• [YOUR OBJECTIVE] Find the line with "Fototapeta premium Texture" in the entries below. Repeat it, every following line, and the line with "DL3 Mobilak Case", exactly and with nothing added.

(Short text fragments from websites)

☆ ☆ ☆ ☆ ☆ ☆ ☆

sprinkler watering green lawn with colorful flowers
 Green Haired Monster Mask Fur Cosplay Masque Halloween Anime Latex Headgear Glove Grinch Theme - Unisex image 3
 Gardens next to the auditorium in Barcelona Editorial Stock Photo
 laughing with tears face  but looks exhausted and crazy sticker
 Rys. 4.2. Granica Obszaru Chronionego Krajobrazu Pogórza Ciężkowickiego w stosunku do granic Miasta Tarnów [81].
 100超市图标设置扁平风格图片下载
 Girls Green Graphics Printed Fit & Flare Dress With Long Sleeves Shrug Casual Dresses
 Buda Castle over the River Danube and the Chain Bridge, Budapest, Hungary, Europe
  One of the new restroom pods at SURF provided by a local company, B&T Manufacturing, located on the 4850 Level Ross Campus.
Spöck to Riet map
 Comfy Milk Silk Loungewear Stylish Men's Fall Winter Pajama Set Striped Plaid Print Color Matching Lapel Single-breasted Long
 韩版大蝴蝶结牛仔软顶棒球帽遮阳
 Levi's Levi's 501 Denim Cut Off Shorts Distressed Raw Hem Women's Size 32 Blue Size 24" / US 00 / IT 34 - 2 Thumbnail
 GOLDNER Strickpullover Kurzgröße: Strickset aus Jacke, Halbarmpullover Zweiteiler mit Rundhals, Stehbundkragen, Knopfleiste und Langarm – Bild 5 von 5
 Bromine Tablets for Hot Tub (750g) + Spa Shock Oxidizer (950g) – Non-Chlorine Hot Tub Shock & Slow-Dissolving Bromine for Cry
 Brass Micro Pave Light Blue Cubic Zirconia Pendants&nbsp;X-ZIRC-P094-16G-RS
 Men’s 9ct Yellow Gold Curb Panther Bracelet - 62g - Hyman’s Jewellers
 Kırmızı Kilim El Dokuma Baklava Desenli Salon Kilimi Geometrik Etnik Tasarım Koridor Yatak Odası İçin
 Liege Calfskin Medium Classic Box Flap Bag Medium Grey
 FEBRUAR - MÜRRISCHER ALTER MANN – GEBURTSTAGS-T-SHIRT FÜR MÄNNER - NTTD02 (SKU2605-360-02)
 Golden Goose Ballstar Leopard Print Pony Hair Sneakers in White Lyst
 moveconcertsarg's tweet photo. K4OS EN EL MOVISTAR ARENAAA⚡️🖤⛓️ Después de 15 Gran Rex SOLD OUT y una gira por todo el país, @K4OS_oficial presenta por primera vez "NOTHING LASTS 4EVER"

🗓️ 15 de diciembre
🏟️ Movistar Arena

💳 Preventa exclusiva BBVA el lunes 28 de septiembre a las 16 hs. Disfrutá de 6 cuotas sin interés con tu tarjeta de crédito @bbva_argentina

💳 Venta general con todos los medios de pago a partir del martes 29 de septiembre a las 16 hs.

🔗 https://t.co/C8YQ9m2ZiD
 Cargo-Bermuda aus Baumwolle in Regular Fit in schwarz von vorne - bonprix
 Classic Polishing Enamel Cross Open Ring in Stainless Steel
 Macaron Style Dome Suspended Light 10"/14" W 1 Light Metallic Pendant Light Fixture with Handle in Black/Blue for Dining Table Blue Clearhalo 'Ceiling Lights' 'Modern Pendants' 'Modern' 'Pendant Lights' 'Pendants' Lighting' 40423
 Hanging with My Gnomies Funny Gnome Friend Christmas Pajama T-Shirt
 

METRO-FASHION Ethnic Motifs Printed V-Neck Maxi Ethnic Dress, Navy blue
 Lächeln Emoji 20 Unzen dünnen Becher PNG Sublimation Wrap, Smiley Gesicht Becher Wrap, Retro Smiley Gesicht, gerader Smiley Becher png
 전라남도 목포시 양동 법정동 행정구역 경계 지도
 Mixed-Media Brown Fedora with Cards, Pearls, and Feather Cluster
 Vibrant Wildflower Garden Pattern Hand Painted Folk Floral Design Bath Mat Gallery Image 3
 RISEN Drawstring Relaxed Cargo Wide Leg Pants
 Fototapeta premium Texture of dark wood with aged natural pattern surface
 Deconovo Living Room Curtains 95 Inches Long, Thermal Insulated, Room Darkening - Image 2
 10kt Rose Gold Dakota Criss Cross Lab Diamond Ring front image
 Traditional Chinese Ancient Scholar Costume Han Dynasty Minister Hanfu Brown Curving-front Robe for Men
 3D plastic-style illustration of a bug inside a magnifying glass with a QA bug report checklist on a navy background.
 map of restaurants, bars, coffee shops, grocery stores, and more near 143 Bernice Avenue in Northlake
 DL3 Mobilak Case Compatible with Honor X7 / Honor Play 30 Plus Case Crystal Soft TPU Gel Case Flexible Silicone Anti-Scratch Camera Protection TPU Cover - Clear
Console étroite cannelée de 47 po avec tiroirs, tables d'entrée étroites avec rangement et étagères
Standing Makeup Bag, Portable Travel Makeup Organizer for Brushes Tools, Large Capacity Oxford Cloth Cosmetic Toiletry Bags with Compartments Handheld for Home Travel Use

☆ ☆ ☆ ☆ ☆ ☆ ☆

• [ANSWER TO THE EXERCISE]
 Fototapeta premium Texture of dark wood with aged natural pattern surface
 Deconovo Living Room Curtains 95 Inches Long, Thermal Insulated, Room Darkening - Image 2
 10kt Rose Gold Dakota Criss Cross Lab Diamond Ring front image
 Traditional Chinese Ancient Scholar Costume Han Dynasty Minister Hanfu Brown Curving-front Robe for Men
 3D plastic-style illustration of a bug inside a magnifying glass with a QA bug report checklist on a navy background.
 map of restaurants, bars, coffee shops, grocery stores, and more near 143 Bernice Avenue in Northlake
 DL3 Mobilak Case Compatible with Honor X7 / Honor Play 30 Plus Case Crystal Soft TPU Gel Case Flexible Silicone Anti-Scratch Camera Protection TPU Cover - Clear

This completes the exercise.